→ Your task
Copy the records below exactly as they stand. Leave out the pictures.

→ Available data
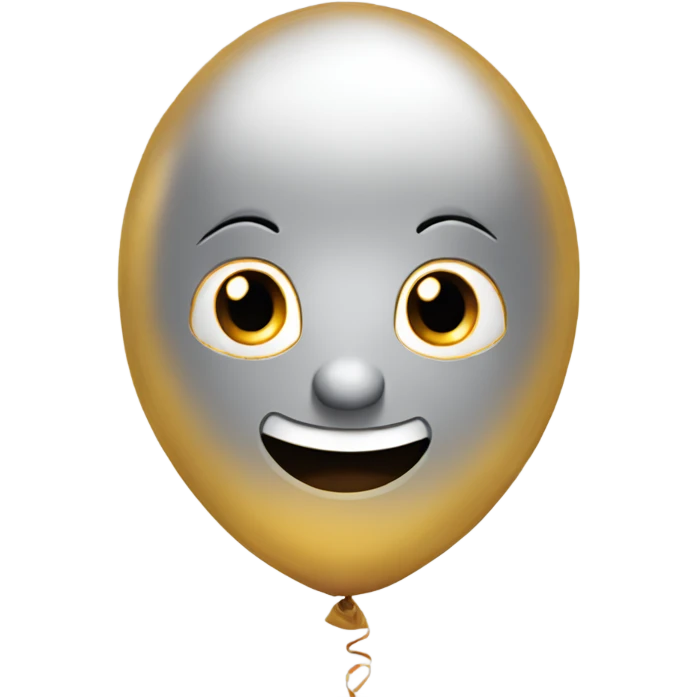 2 foil balloon  emoji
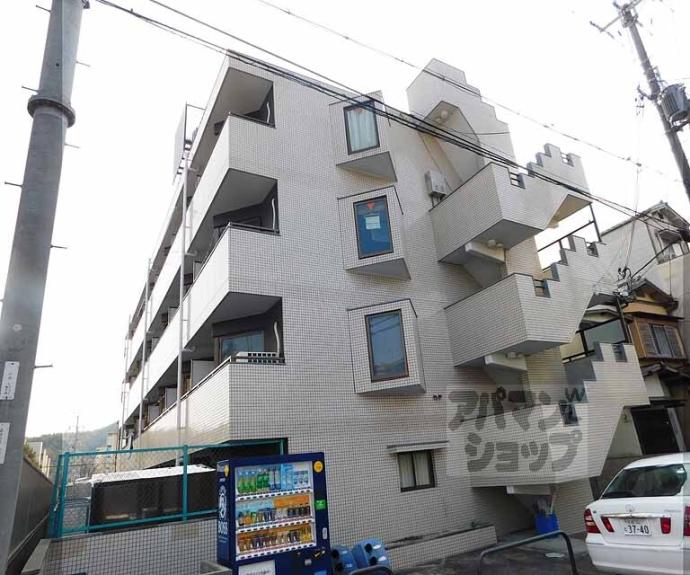 【プランドール勧修寺】間取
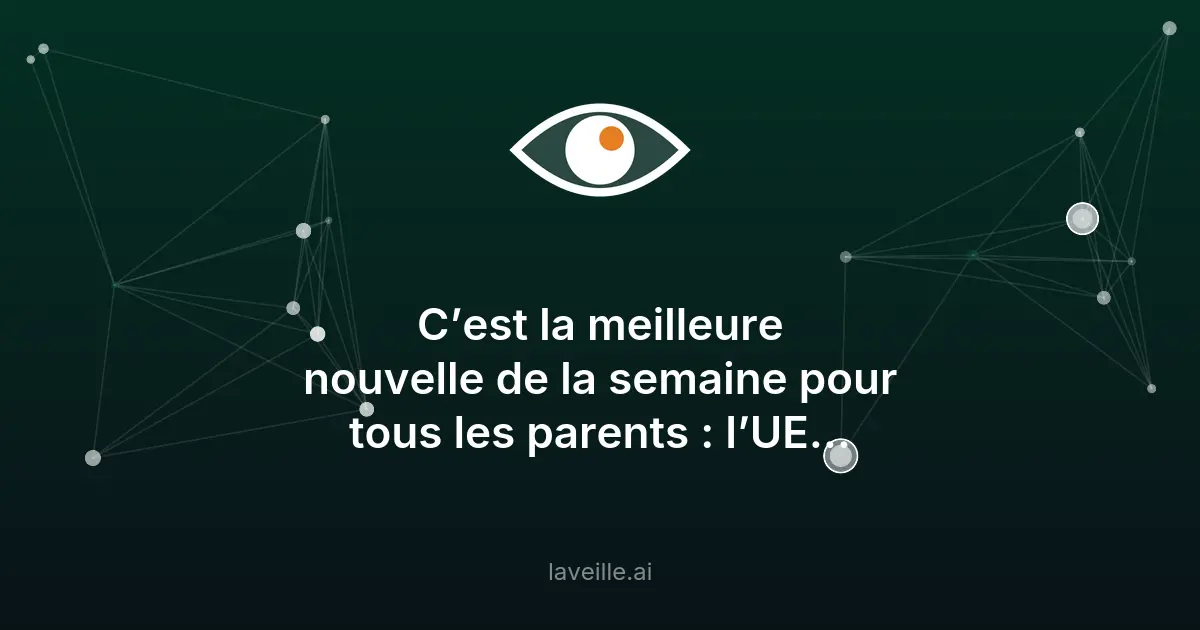 UE : interdiction des IA de deepfakes sexuels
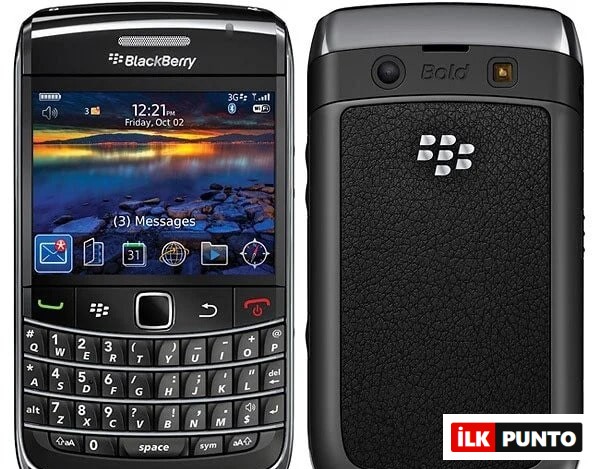 Blackberry Bold 9700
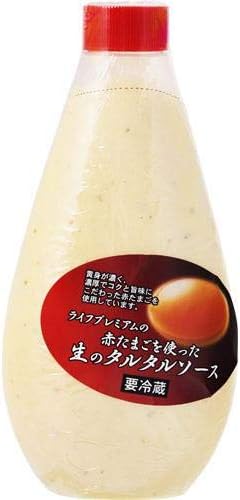 Amazon ネオフーズ竹森 ライフプレミアムの赤たまごを使った生のタルタルソース ライフプレミアム たれ 料理ソース 通販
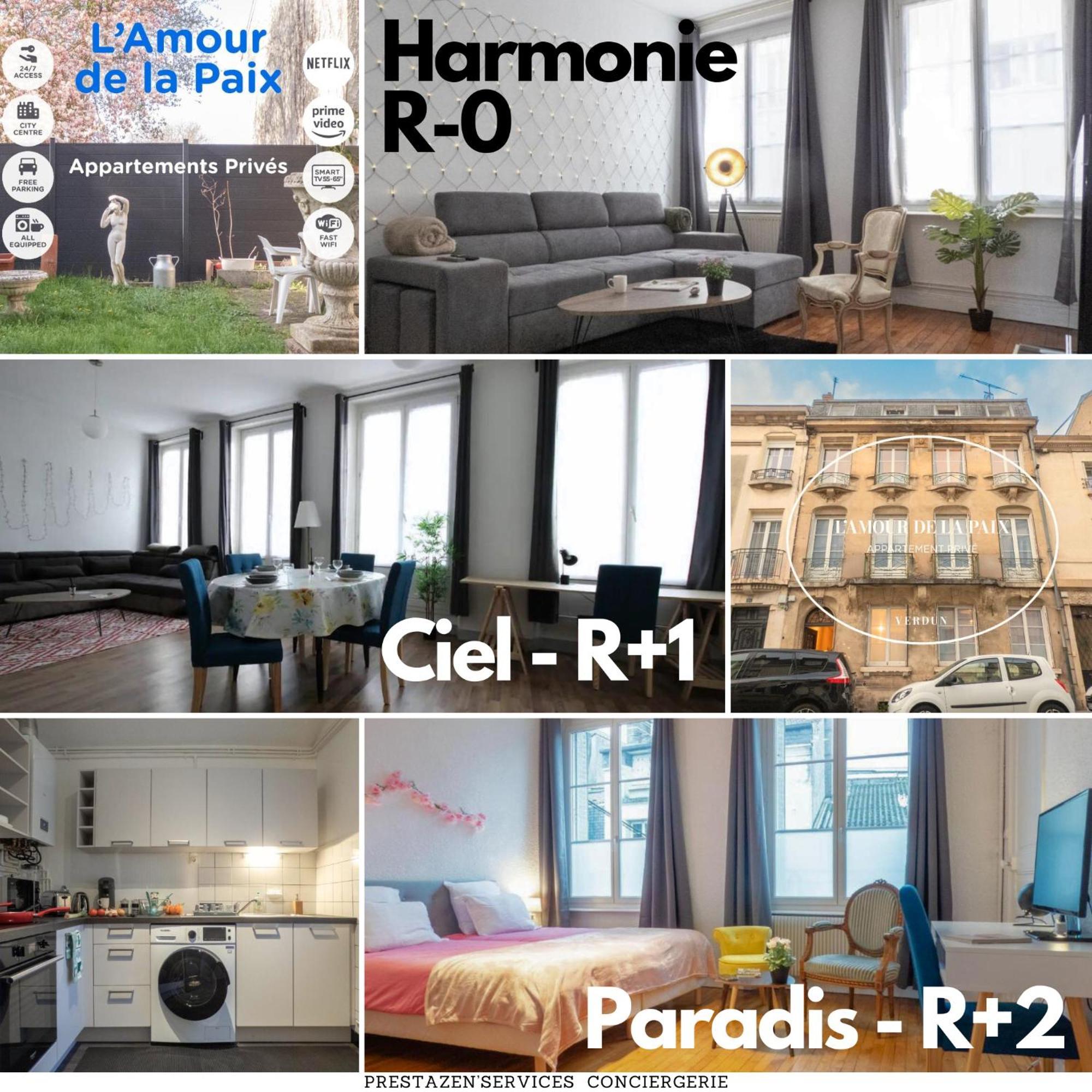 L'amour De La Paix - Centre-ville - Jardin - Proche Gare - Tv65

→ Task answer
 2 foil balloon  emoji
 【プランドール勧修寺】間取
 UE : interdiction des IA de deepfakes sexuels
 Blackberry Bold 9700
 Amazon ネオフーズ竹森 ライフプレミアムの赤たまごを使った生のタルタルソース ライフプレミアム たれ 料理ソース 通販
 L'amour De La Paix - Centre-ville - Jardin - Proche Gare - Tv65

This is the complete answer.